Command buffer recording has been purposely abbreviated on this diagram as it is expected to be faster than the other two steps, whose relative performance will depends on runtime configuration (relative speed of the GPU and storage device, number of simulation steps per output image…).

In this chapter, we will see how we can make more of these steps happen in parallel.

Command recording

Theory

Because command recording is fast with respect to command execution, allowing them to happen in parallel is not going to save much time. But it will be an occasion to introduce some principles on a simplified problem, and we will later apply the same principles on a broader scale to achieve the more ambitious goal of overlapping GPU computations with CPU result processing.

First of all, by looking back at the main simulation loop above, it should be clear to you that it is not possible for the recording of the first command buffer to happen in parallel with its execution. We cannot execute a command buffer that it is still in the process of being recorded.

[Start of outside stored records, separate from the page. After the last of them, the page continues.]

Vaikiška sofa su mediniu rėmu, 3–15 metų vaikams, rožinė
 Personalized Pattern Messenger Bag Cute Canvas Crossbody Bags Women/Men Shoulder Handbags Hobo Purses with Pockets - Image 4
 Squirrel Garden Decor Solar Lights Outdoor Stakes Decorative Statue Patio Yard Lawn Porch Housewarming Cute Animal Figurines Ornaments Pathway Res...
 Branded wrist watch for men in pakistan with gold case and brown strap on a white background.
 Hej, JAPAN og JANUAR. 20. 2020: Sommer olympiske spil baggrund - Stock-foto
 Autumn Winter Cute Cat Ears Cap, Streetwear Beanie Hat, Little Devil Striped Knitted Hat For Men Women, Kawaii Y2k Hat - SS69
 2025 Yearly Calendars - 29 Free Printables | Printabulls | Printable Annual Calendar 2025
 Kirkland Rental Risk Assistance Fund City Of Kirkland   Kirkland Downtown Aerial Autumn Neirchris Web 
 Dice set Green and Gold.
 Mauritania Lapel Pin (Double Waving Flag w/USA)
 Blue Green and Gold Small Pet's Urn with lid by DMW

What we can do, however, is change the logic of our main simulation loop after this first command buffer has been submitted to the GPU:

Instead of immediately waiting for the GPU to finish the freshly submitted work, we can start preparing a second command buffer on the CPU side while the GPU is busy working on the first command buffer that we just sent.
Once that second command buffer is ready, we have nothing else to do on the CPU side (for now), so we will just finish executing our first main loop iteration as before: await GPU execution, then process results.
By the time we reach the second main loop iteration, we will be able to reap the benefits of our optimization by having a second command buffer that can be submitted right away.
And then the cycle will repeat: we will prefer the command buffer for the third main loop iteration while the GPU work associated with the second main loop iteration is executing, then we will wait, process the second GPU result, and so on.

This sort of ahead-of-time command buffer preparation will result in parallel CPU/GPU execution through pipelining, a general-purpose optimization technique that can improve execution speed at the expense of some duplicated resource allocation and reduced code clarity.

In this particular case, the resource that is being duplicated is the command buffer. Before we used to have only one command buffer in flight at any point in time. Now we intermittently have two of them, one that is being recorded while another one is executing.

And in exchange for this resource duplication, we expect to get a new execution timeline…

Timeline of CPU/GPU execution with async command recording

…where command buffer recording and GPU work execution can run in parallel as long as the simulation produces at least two images, resulting in a small performance gain.

Implementation

In terms of code, we will first add a type alias for our favorite kind of command buffer builder, as these will start popping up more often in our code and the vulkano type for that has an uncomfortably long name…

/// Convenience type alias for primary command buffer builders
type CommandBufferBuilder = AutoCommandBufferBuilder<PrimaryAutoCommandBuffer>;

…then we will extract the part of our code that appends simulation commands and builds the command buffer into an anonymous function, declared before the start of the main simulation loop, for reason that are soon going to become clear:

use std::sync::Arc;

// Record simulation steps and user extras into a command buffer, then build it
let mut record_simulation_and_build =
    |cmdbuild: &mut CommandBufferBuilder| -> Result<Arc<PrimaryAutoCommandBuffer>> {
        // Schedule some simulation steps
        schedule_simulation(options, &pipelines, cmdbuild, &mut concentrations)?;

        // Schedule any other user-requested work after the simulation
        schedule_after_simulation(concentrations.current(), cmdbuild)?;

        // Extract the old command buffer builder, replacing it with a blank one
        let old_cmdbuild = std::mem::replace(cmdbuild, new_cmdbuf()?);

        // Build the command buffer
        Ok(old_cmdbuild.build()?)
    };

One thing worth pointing out here is the use of the std::mem::replace() function. This standard library utility is used to work around a current limitation of the Rust compiler’s static ownership and borrowing analysis, which prevents it from accepting the following valid alternative:

let new_cmdbuild = new_cmdbuf()?;
let old_cmdbuild = *cmdbuild;
*cmdbuild = new_cmdbuild;

Click here for more details

The problem that the compiler is trying to protect us from is that because the record_simulation_and_build() function receives only a mutable reference to the command buffer builder, it is not allowed to move the builder away, unless it somehow replaces it with a different builder before the function returns.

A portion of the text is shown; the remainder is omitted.